This research study [1] aimed to compare the feasibility and reliability of manual versus software-assisted assessments of computed tomography (CT) scans according to iRECIST (immune Response Evaluation Criteria in Solid Tumors) in oncological patients undergoing immune-based treatment. The study involved evaluating CT scans of 30 tumor patients at baseline (BL) and two follow-ups (FU1 and FU2), resulting in 360 tumor assessments. After image interpretation, tumor burden and response status were calculated manually or with software assistance. 

mint Lesion™ was employed for the software-assisted assessment. Target and non-target lesions were initially annotated within the software and assessed using dedicated tools. The software facilitated adherence to the iRECIST guidelines by offering assessment guidance and highlighting deviations or errors (such as one-dimensional measurement of lymph nodes or an excessive number of lesions).
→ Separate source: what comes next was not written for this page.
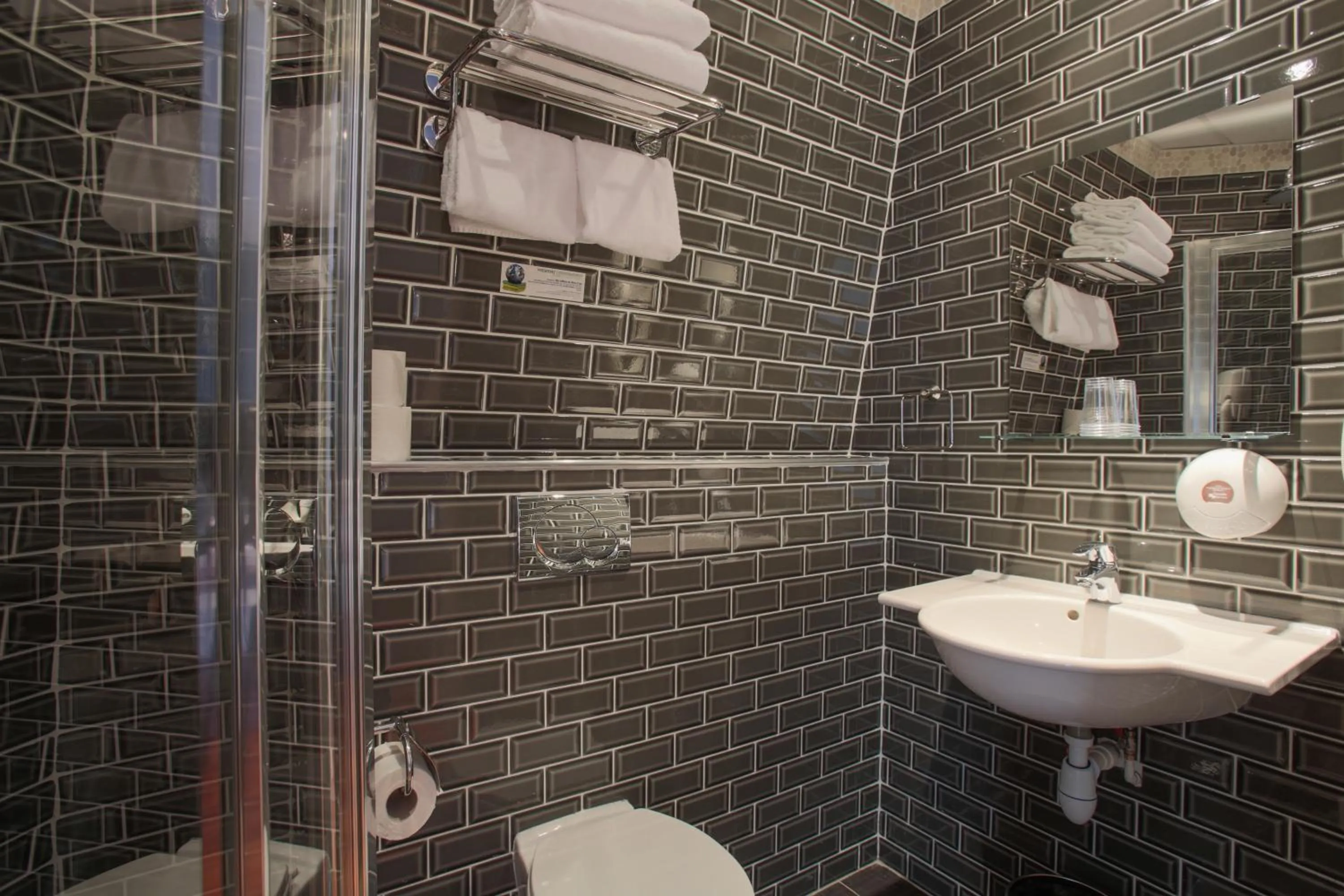 Bathroom in Grand Hotel du Loiret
The reading time, error rate, and inter-reader agreement were compared between the manual and software-assisted approaches, with the following findings:

  • Reading Time: The study found significantly shorter reading times for software-assisted assessments compared to manual assessments at both follow-ups. The median reading time at FU1 was 2.5 minutes for the software-assisted assessment and 4 minutes for the manual assessment, and for FU2, it was 2 minutes vs. 3.75 minutes, respectively.
  • Error Rate: Software-assisted assessments demonstrated lower error rates, with 0% errors for software-assisted assessments compared to 3.3% for manual assessments at FU1 and 1.7% versus 10% at FU2.
  • Inter-Reader Agreement: The study demonstrated good to excellent inter-reader agreement for both manual and software-assisted assessments. However, the agreement was higher for software-assisted assessments, particularly at the second follow-up. The manual assessments' intraclass correlation coefficient (ICC) was 0.91 at FU1 and 0.75 at FU2. For software-assisted assessments, the ICC was 0.93 at FU1 and 0.86 at FU2.

"Our results reveal that software-assisted iRECIST readings can be performed with (I) less time effort, (II) fewer incorrect response assessments, and (III) a higher inter-reader agreement compared to manual approaches," concluded the researchers. 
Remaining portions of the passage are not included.